Still, that doesn’t mean the military isn’t susceptible to cyber warfare, and what’s more, the Pentagon understands that.

“During a conflict, the Defense Department assumes that a potential adversary will seek to target U.S. or allied critical infrastructure and military networks to gain a strategic advantage,” says the 2015 DoD Cyber Strategy.

Indeed, cyber attacks aren’t just something that the military will have to deal with in the future – it has to deal with them on a daily basis. Further, cyber crimes like the theft of intellectual property and Top Secret weapons programs is always a threat, as are the laying of logic bombs and trapdoors within U.S. IT networks.

Writes Andrew Poulan at RealClearDefense:

This threat is further exacerbated by the level of dependence that the military has on the Internet and other vulnerable online networks.  In his book Cyber War, Richard Clarke details that, “Logistics, command and control, fleet positioning, everything down to targeting, all rely on software and other Internet-related technologies.  And all of it is just as insecure as your home computer, because it is all based on the same flawed underlying technologies and uses the same insecure software and hardware.”  This is an astonishing liability underlying the most powerful military in the world. 

U.S. satellites are especially susceptible to cyber tampering, which gives great pause to military planners because they know satellites will be targets in any future conflict. In 2011, outerspace contained 947 satellites and “over eighty percent of U.S. government and military satellite communications traveled over commercial satellites,” says a Brookings Institute White Paper from April of that year.  Of the 175 military satellites circling the Earth at the time, half of them belonged to the U.S. military.  In the last five years, hundreds more satellites have been launched and most of them are used for communications or navigation via GPS.

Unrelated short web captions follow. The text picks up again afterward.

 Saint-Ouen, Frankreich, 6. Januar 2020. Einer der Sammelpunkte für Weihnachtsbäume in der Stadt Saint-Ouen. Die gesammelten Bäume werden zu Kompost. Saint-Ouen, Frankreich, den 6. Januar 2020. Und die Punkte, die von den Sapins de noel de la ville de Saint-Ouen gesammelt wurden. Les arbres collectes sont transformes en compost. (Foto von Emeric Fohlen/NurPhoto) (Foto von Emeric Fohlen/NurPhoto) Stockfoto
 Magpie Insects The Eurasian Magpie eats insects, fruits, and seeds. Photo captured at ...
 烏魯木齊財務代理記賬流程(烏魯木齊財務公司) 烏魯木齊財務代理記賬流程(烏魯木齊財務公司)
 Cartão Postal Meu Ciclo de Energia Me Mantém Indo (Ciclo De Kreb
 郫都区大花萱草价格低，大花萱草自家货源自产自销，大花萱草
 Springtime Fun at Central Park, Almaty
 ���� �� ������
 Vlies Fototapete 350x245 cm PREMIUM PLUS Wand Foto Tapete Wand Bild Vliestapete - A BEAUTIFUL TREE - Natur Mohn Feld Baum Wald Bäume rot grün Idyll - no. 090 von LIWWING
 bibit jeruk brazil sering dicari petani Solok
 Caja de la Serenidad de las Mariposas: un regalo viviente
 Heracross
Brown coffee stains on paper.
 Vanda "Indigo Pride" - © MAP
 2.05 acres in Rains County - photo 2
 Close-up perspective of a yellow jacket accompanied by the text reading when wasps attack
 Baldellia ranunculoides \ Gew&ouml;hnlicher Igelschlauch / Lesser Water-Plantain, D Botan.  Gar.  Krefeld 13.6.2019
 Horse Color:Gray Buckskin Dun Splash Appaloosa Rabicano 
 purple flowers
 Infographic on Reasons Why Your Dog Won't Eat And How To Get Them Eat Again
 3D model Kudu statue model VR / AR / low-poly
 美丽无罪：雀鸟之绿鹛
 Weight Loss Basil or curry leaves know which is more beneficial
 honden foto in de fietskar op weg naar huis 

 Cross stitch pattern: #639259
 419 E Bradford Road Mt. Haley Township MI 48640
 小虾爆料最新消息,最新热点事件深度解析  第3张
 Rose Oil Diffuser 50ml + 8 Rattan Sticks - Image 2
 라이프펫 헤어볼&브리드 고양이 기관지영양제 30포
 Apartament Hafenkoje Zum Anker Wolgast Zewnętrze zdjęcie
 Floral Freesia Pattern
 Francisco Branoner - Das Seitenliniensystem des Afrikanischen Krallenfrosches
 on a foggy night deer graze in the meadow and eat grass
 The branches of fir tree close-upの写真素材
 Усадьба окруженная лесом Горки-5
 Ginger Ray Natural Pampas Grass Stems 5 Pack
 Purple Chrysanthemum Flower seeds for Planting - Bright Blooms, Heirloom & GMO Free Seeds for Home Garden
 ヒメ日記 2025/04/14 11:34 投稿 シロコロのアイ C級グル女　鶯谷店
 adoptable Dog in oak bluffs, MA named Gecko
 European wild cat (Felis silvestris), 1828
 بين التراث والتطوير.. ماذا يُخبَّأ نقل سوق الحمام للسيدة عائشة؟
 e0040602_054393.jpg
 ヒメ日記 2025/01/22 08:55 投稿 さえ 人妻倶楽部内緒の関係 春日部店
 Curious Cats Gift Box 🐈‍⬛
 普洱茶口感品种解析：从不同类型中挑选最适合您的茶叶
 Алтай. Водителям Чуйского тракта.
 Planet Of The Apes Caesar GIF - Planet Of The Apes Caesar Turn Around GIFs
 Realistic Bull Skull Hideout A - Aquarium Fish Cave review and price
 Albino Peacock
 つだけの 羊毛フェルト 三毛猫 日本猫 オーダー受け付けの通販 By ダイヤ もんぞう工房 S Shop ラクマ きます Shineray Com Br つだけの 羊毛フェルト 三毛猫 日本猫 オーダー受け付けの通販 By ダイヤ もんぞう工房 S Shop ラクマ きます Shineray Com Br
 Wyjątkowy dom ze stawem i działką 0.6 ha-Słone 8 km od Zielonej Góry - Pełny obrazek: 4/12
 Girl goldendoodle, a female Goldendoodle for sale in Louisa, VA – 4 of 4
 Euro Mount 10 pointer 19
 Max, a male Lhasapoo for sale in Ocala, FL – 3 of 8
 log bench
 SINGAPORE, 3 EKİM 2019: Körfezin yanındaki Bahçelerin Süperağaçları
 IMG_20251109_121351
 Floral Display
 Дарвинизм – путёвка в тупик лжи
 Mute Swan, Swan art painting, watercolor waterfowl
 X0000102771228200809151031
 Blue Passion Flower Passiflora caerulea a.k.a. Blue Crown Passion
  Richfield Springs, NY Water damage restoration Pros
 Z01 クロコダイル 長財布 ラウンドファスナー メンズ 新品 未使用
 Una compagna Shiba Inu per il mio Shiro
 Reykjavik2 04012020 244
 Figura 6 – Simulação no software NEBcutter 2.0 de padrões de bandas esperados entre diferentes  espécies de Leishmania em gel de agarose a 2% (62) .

Peter W. Singer, Director of the Center for 21st Century Security noted in a poignant example of cyber vulnerability that, “Global Positioning Systems (GPS) satellites are used to direct the movements of 800,000 U.S. military receivers, located on everything from aircraft carriers to individual bombs and artillery shells.  A ‛glitch’ in GPS in early 2010 left almost 10,000 of these receivers unable to log in for days, rendering them useless and their systems directionless.”

Meanwhile, the Defense Department operations more than 15,000 computer networks among 4,000 installations around the world, making them a target-rich environment for nation-state-sponsored cyber attacks, experts have said.

“An additional facet of this problem is that the military must frequently collaborate with other U.S. government and civilian defense establishment networks that are just as vulnerable as military networks and often even more so,” Poulan writes. “There are efforts underway to hold these different agencies and contractors to higher security standards, and they should be greatly accelerated.”